*** Dataset ***
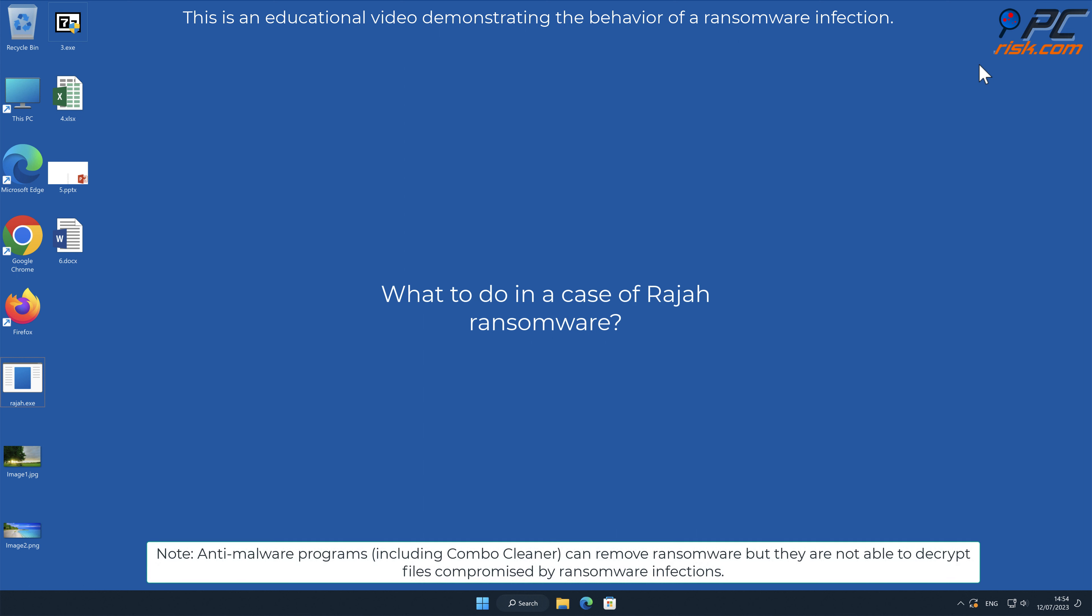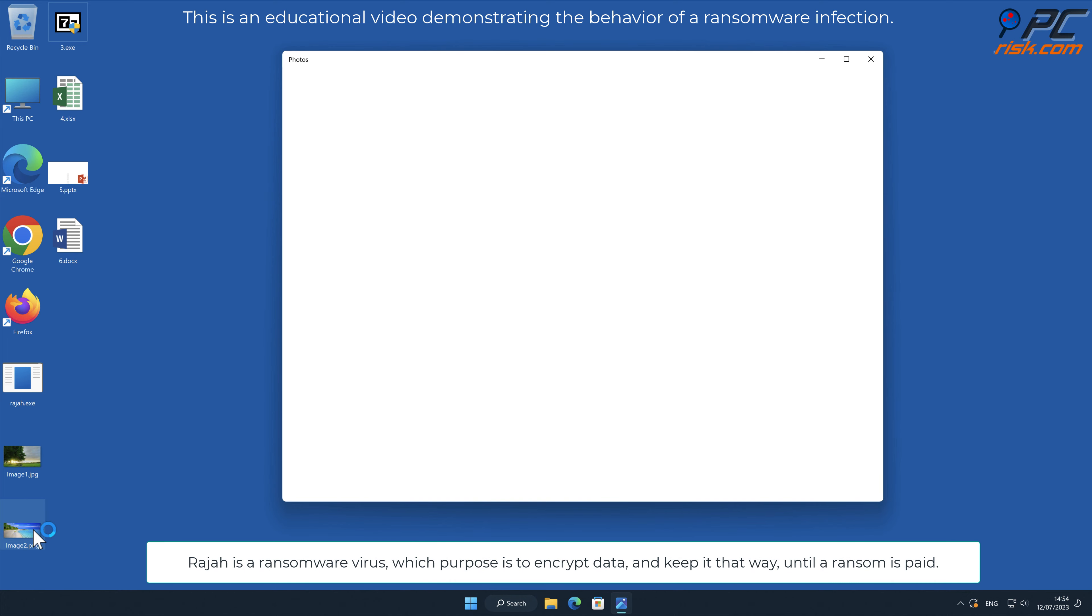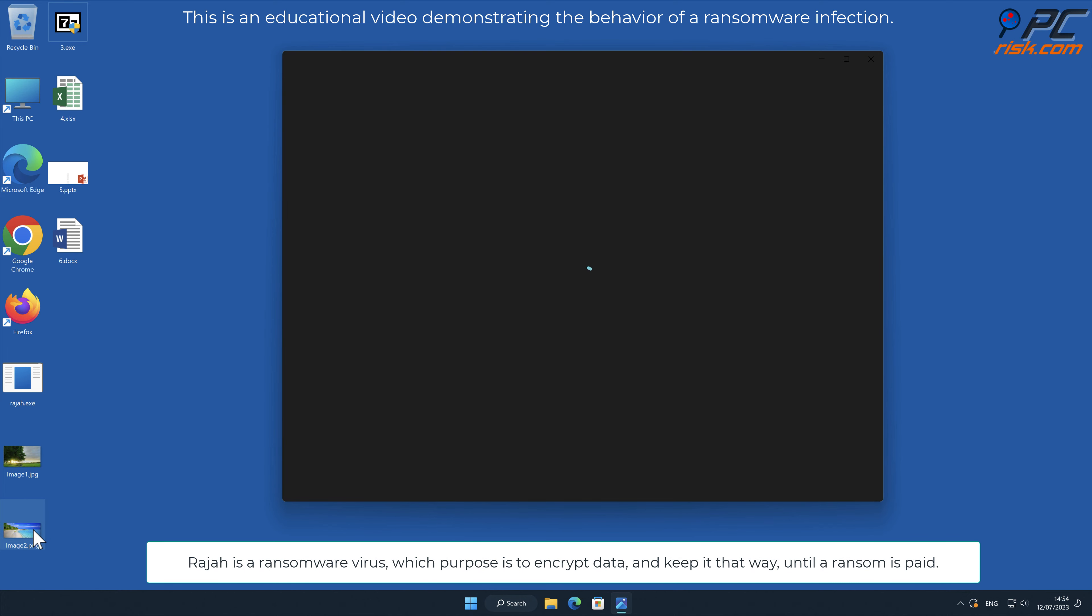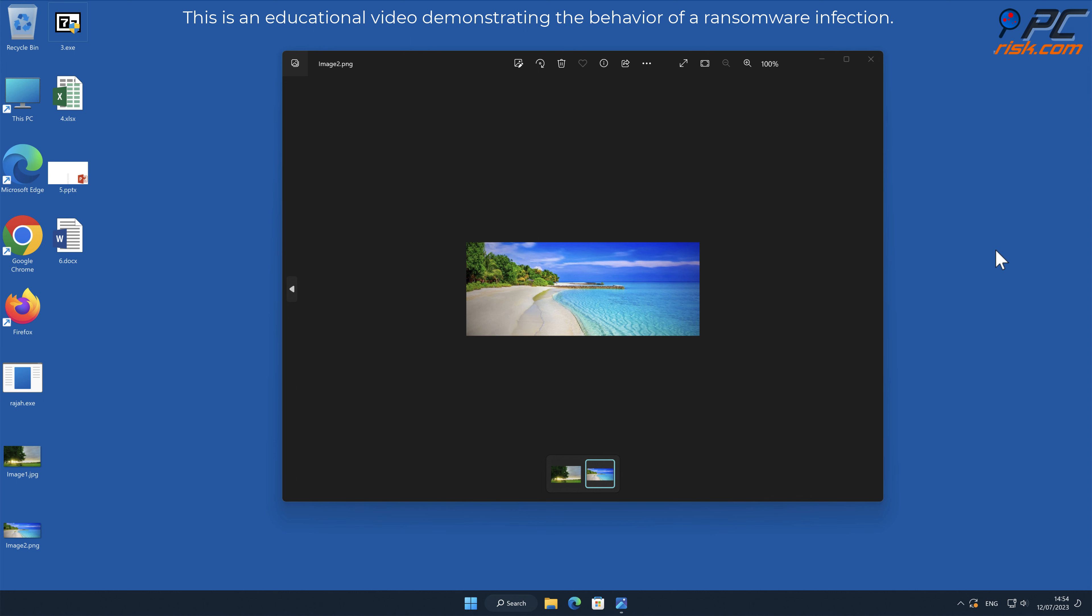In this video we will talk about Raja, a ransomware virus that targets Windows computers. Raja is a ransomware virus which purpose is to encrypt data and keep it that way until a ransom is paid.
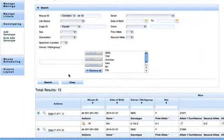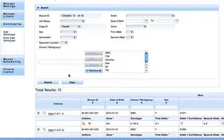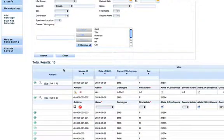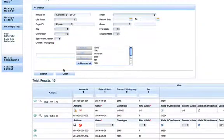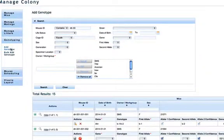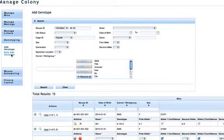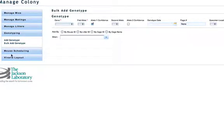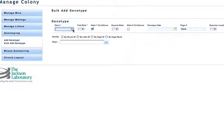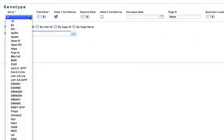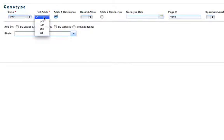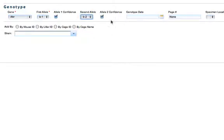Now I'll show you how to bulk add a genotype. Click on bulk add genotype in the left navigation, select a gene that you'd like to add to multiple mice, and a first allele and second allele.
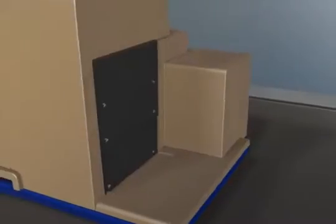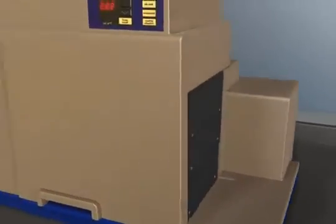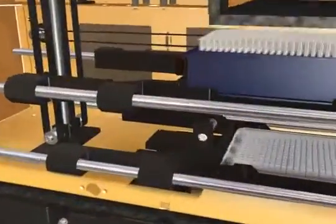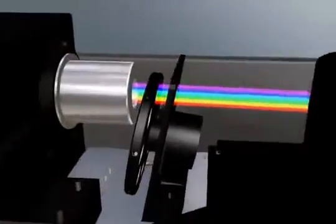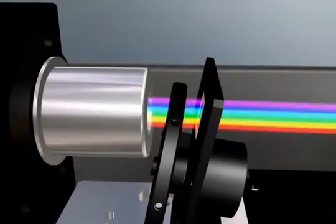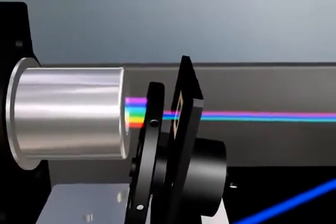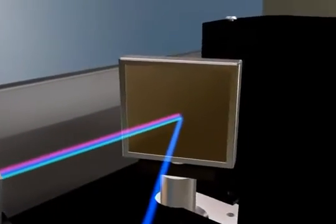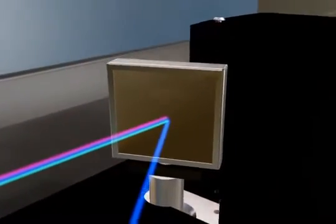The FlexStation 3 system is based on the SpectraMax M5e multi-mode reader and uses monochromator-based smart optics to select the desired wavelengths for your assay.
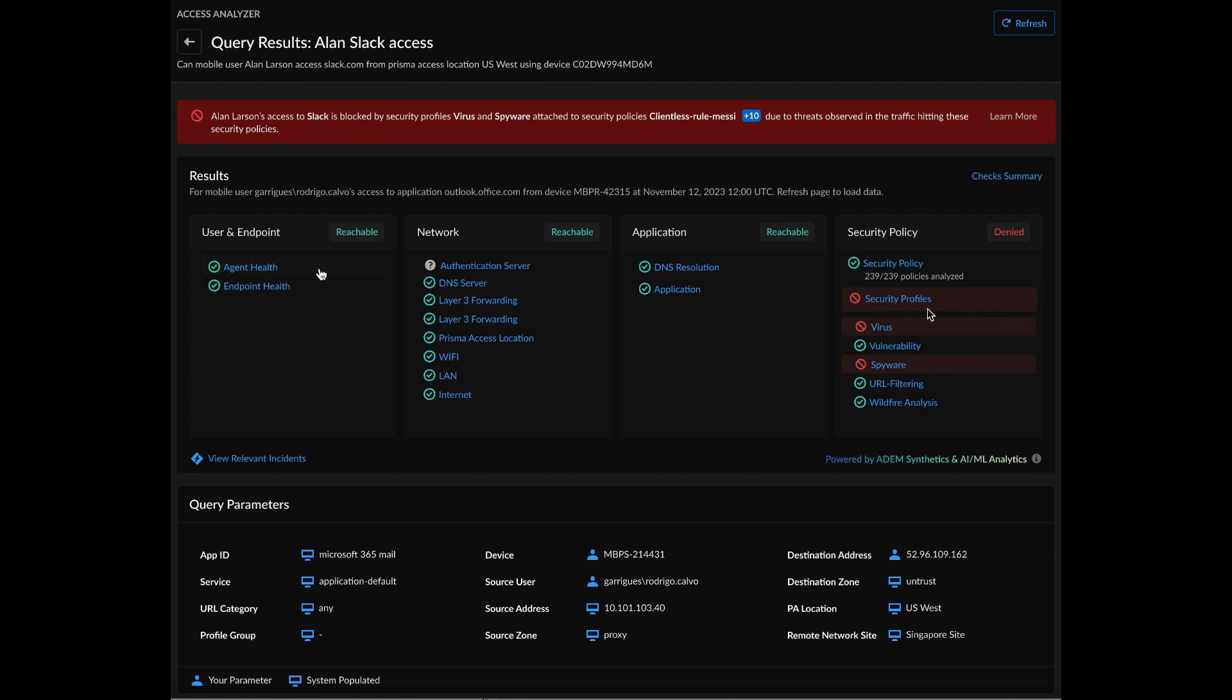But from an IT team perspective, when a ticket is raised, the IT team needs to realize the root cause of why the user was blocked access to this particular application. So in this case, we're able to clearly indicate that a user was blocked access due to virus and spyware seen as part of the logs.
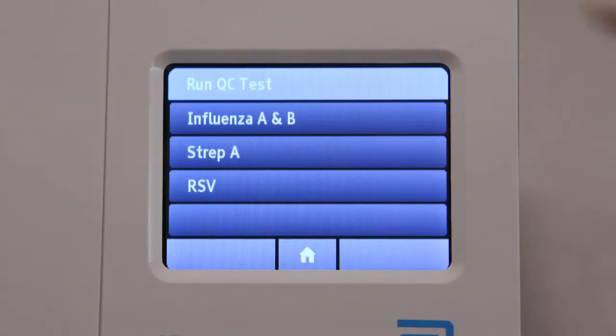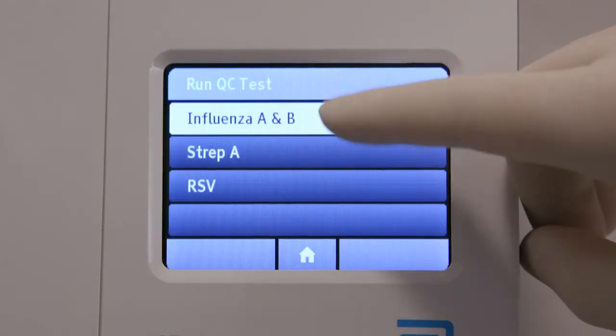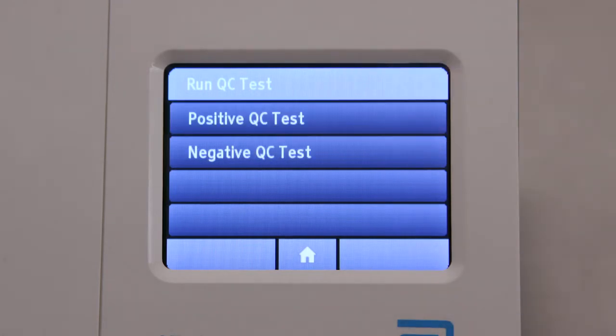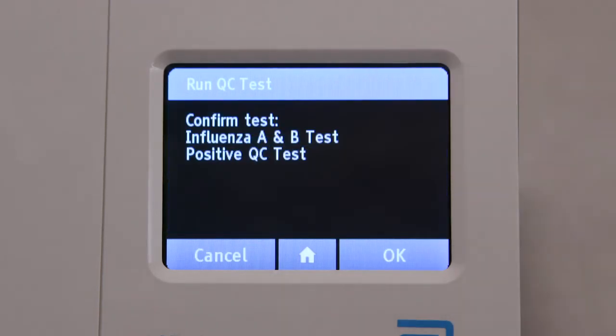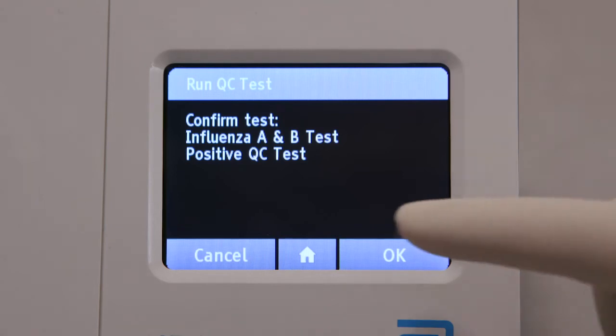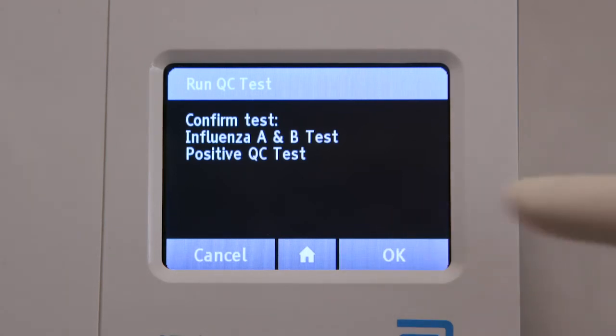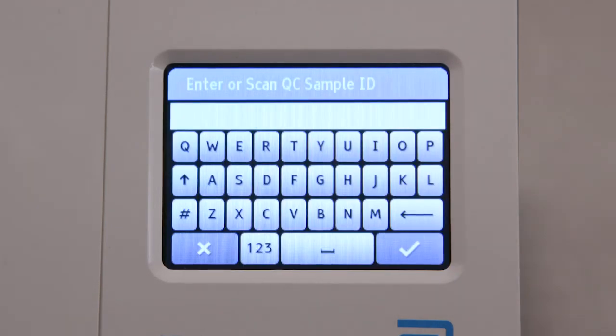Select the desired assay from the list of available assays. Then select a positive or negative QC test. Confirm the test by selecting OK.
***
With pictures excluded, output the listing above exactly as it stands.

In this video we will talk about Raja, a ransomware virus that targets Windows computers. Raja is a ransomware virus which purpose is to encrypt data and keep it that way until a ransom is paid.
Now I'll show you how to bulk add a genotype. Click on bulk add genotype in the left navigation, select a gene that you'd like to add to multiple mice, and a first allele and second allele.
The FlexStation 3 system is based on the SpectraMax M5e multi-mode reader and uses monochromator-based smart optics to select the desired wavelengths for your assay.
But from an IT team perspective, when a ticket is raised, the IT team needs to realize the root cause of why the user was blocked access to this particular application. So in this case, we're able to clearly indicate that a user was blocked access due to virus and spyware seen as part of the logs.
Select the desired assay from the list of available assays. Then select a positive or negative QC test. Confirm the test by selecting OK.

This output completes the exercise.